Aha i chodziło o jakiegoś wirusa, sobie właśnie przypomniałam. Ale nie wiem dokładnie o co chodziło, i dlatego się pytam, może ktoś wie.

http://www.youtube.com/watch?v=HghuWM4a ... lEUMOGkY1g

to jest ten filmik, jest jeszcze 1. część ale tam jest raczej to samo, z tego co pamiętam.

: śr, 26 maja 2010, 19:20
autor: asiek
w tekście o działalności charytatywnej MJ był taki fragment:
w maju 1999 Jackson angażuje się w koncert charytatywny „Pavarotti & Friends for War Child" (Pavarotti i Przyjaciele dla dzieci wojny) w Modenie (Włochy), wydarzenie to przyniosło 1 milion dolarów dla fundacji "United Nations High Commission for Refugees" działającej na rzecz uchodźców z Kosowa. Piosenkarz nie mógł być obecny na tym koncercie z powodów zdrowotnych syna, piosenkę „We Are The World" wykonał zamiast Michaela tenor Pavarotti wraz z artystami biorącymi udział w koncercie.

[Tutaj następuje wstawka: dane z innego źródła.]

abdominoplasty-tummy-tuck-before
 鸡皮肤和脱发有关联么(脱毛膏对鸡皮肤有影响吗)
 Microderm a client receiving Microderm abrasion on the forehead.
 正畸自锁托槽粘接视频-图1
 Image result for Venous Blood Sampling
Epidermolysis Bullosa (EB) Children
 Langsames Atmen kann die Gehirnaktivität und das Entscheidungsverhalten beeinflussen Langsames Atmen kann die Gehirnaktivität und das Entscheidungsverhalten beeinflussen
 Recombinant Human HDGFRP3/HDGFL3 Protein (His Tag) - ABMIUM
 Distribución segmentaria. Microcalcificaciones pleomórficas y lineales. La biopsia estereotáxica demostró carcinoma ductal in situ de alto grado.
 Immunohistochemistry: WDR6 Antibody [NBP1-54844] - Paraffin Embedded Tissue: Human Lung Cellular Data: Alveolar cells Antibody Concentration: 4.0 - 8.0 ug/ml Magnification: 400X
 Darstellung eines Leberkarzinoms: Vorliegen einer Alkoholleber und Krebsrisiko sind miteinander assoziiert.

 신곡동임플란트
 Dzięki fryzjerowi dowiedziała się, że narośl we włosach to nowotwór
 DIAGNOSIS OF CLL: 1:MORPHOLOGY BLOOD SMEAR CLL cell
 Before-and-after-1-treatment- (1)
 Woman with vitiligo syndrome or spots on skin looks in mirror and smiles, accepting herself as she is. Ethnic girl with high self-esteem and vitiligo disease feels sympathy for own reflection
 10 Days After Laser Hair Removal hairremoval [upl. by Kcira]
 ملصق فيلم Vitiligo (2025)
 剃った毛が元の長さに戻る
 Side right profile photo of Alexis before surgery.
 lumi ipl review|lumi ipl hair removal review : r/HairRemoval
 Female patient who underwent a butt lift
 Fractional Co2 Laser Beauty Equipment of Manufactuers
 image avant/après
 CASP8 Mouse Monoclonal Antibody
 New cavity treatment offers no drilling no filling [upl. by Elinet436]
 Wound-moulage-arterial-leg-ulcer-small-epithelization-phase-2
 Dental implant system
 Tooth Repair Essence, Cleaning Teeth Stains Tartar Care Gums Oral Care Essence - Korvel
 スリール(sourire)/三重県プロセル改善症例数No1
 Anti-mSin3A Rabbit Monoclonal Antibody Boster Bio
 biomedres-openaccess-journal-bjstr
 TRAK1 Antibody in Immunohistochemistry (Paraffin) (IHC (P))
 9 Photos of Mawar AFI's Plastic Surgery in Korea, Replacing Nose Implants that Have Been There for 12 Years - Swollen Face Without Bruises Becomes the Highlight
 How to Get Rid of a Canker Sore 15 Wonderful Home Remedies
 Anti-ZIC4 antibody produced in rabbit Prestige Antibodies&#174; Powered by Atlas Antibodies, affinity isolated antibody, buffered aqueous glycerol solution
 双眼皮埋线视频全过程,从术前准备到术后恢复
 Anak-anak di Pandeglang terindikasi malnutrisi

: czw, 27 maja 2010, 19:21
autor: Justine1304
Teraz sobie oglądam powtórkę You Can Dance z 4 edycji i, jak pamiętacie, choreografem - niespodzianką była Lori Ann Gibson. Kinga mówiła, że ona również współpracowała z MJ'em. Wiecie może przy jakim to było projekcie?